There is an option in “Edit menu > Preferences > Import/Export” >>> “Read uncompressed audio files directly (faster)”.
There is an option in “Edit menu > Preferences > Projects” >>> “When saving a project that depends on other audio files > Do not copy any audio”.
“Read uncompressed audio files directly (faster)” will allow Audacity to reference imported uncompressed audio files without copying them into the project. It does this by creating “virtual data blocks” (my terminology) instead of using .AU files (which would either be in the temporary folder if the project has not yet been saved, or in the _data folder if the project has been saved).
These “virtual data blocks” are listed in the Audacity Project file (.AUP) as “pcmaliasblockfile” and are given a .AUF extension.
If/when the pcmaliasblockfiles are edited, the corresponding data from the linked audio file (WAV, AIFF or FLAC files) are copied into the project as .AU files.
If this project is Saved and the option “Do not copy any audio” has been selected, the project will still depend on the external WAV/AIFF/Flac file for all unchanged “virtual blocks”. These will be shown in the AUP file as .AUF files (pcmaliasblockfiles). Any data blocks that have been changed will be shown in the AUP file as .AU data blocks.
The first time that a project is saved, any .AU files that are in the temporary folder that are required by the project will be copied into the project _data folder. Any unused .AU files will be discarded when the project is closed. The uncompressed audio file that is linked to the project is called a “dependency” because the project depends on data within that file.
If all of the data from the linked dependency file is modified, then all of the data will have been copied into the project as .AU block files and the original uncompressed audio file will no longer be a dependency. This can be checked from “File menu > Check Dependencies”.
The underlying problem with (lossy) compressed audio files is that there is not a direct correlation between data blocks in the compressed audio file and data blocks in the Audacity project. The only way that Audacity can know that a specific sample belongs at a specific location in a specific data block is if the entire file has been decoded (uncompressed). This means that “On Demand” reading of data from compressed files is not (currently) possible, and imported compressed files must be copied into the project.

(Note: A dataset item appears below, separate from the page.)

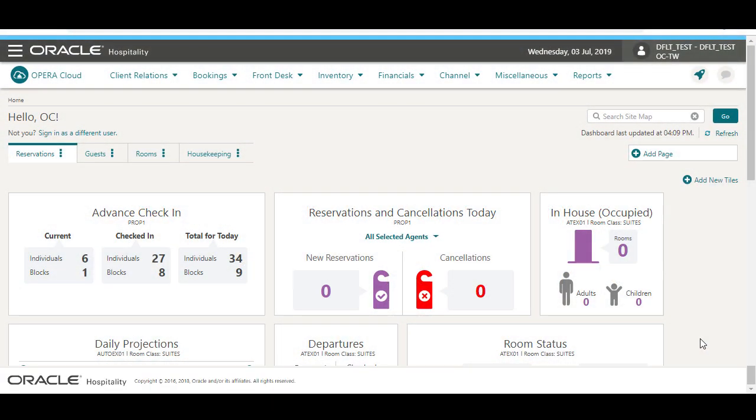In Opera Cloud, a profile contains address and contact details, preferences, and membership information for guests, companies, travel agents, sources, and groups.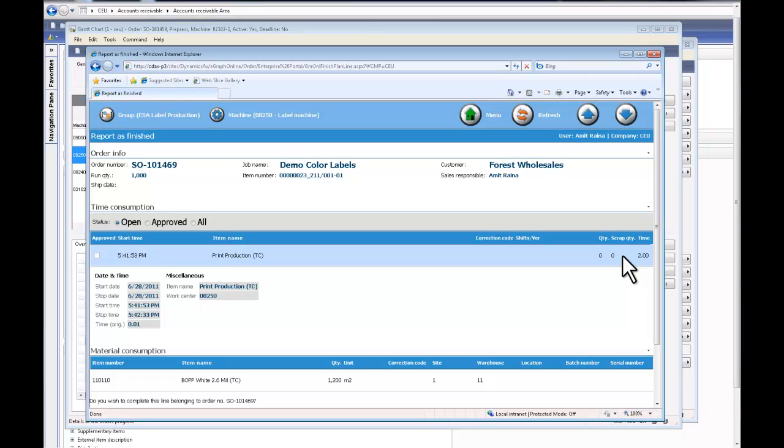And how user-friendly the screen is, or the shop floor is, for manufacturing people to record actual time and data for each of these job elements. Thank you once again, I hope you enjoyed your session today. Bye bye.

The only way that I can see this proposed feature working is for Audacity to copy data from the compressed file and raise a flag. Then if any data in that track is changed for the flag to change state. While the flag is in its original state the compressed source file would be listed as a Dependency, but if the flag state changed then it would be removed from the list of Dependencies. On “Save”, if the compressed file is listed as a Dependency, then the associated track data would be discarded and a link would be made to the original source (compressed) file so that when the project is reopened the compressed file is imported (copied) back into the project.

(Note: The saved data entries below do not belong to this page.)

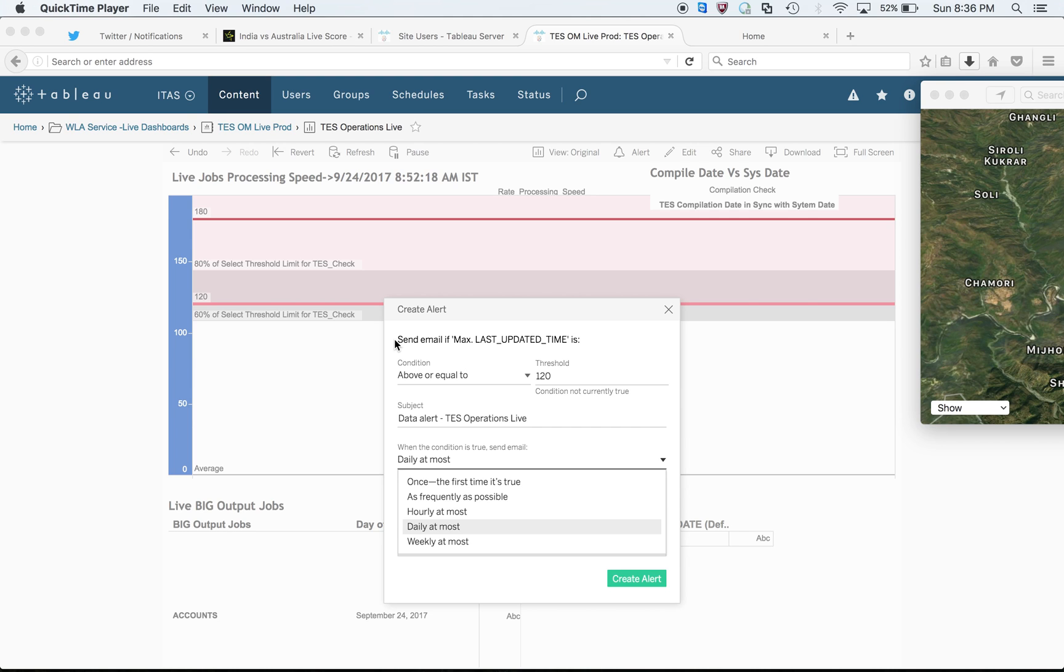The y-axis that you see is purely time in seconds. So if it crosses 180 seconds then I should get an alert.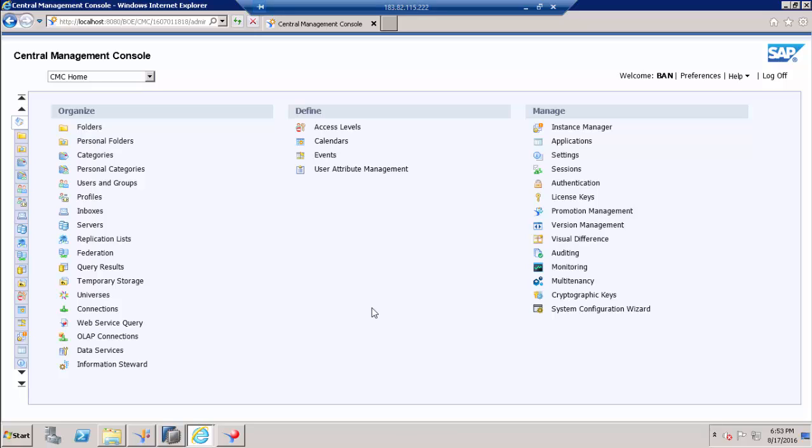Hi, in this video I am going to show what end users will see in BI Launchpad when we provide view on demand access to the event.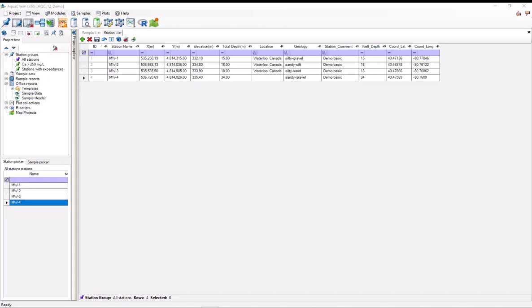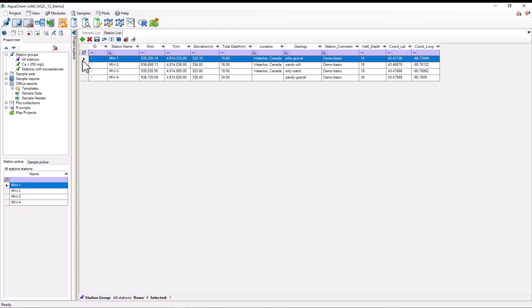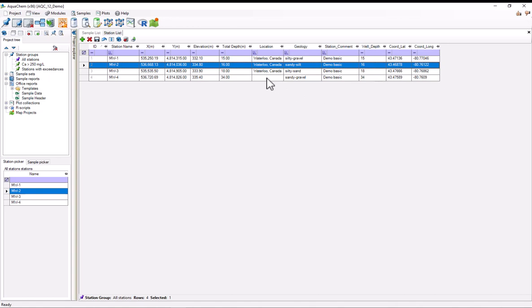In AquaChem, the database structure is much more structured than something like Excel. In AquaChem, you've got discrete tables. For example, the station list is a table. On each table, you've got individual records. So each one of these rows is a record. And for each one of these records, they've all got the same number of fields. That's these columns. Some of these fields have rules, some of them don't.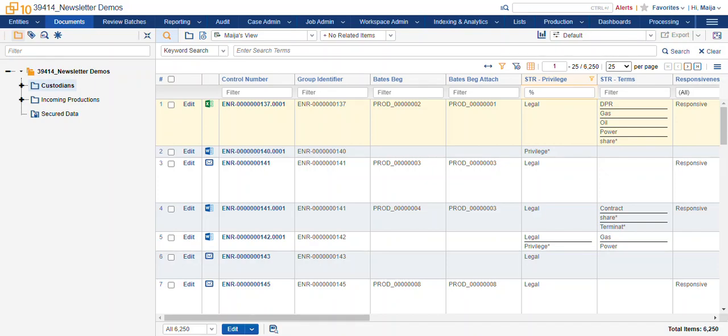Hi, this is Maya with Ricoh. This video is how to use persistent highlighting.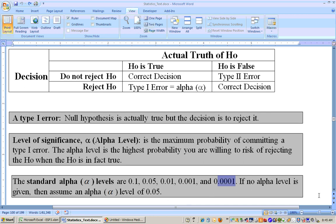A little later in the notes you'll see something called the most significant alpha level. The most significant alpha level is the smallest alpha level at which you can reject the null hypothesis. If you can reject down to the smallest level, you don't need to go any smaller. If you can't reject the null hypothesis even at the least significant alpha level of 0.1, we won't go any higher than that — you simply cannot reject the null hypothesis.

While I think that such a scheme is probably possible, it is potentially very dangerous. For example, if the user saves the project with a different name, then the dependent source file will still be in the old project _data folder, and if the old project is moved, renamed or (most likely) deleted, then the new project will be destroyed. I guess that this could be avoided by only linking to the original source file IF the data is unchanged AND the option to “not copy data” is selected in Preferences AND the project is Saved with the original project name, but this is getting extremely complicated for the rare and not-recommended case that the user is opening a compressed copy of the projects AND the user has re-saved the project as a compressed copy AND has not made any changes to the track AND has not saved as a full (uncompressed) project.
Even if this proposal is implemented, the next question is “I only truncated the silence at the end of the track. Why can’t Audacity split the original file without decoding - like you can do with MP3Split?” The simple answer is that Audacity is primarily designed for high quality editing and processing of uncompressed audio - as soon as you start trying to work with compressed audio there is inevitably loss of sound quality. Personally I’d rather that the developers continued to concentrate their efforts on high quality audio work
Much easier and safer to recommend that users always Save the actual (uncompressed) project if they wish to continue working on it later, and only use “Save Compressed Copy” as a copy. This recommendation is in line with the recommendation that users should always (if possible) work with uncompressed audio until the final export.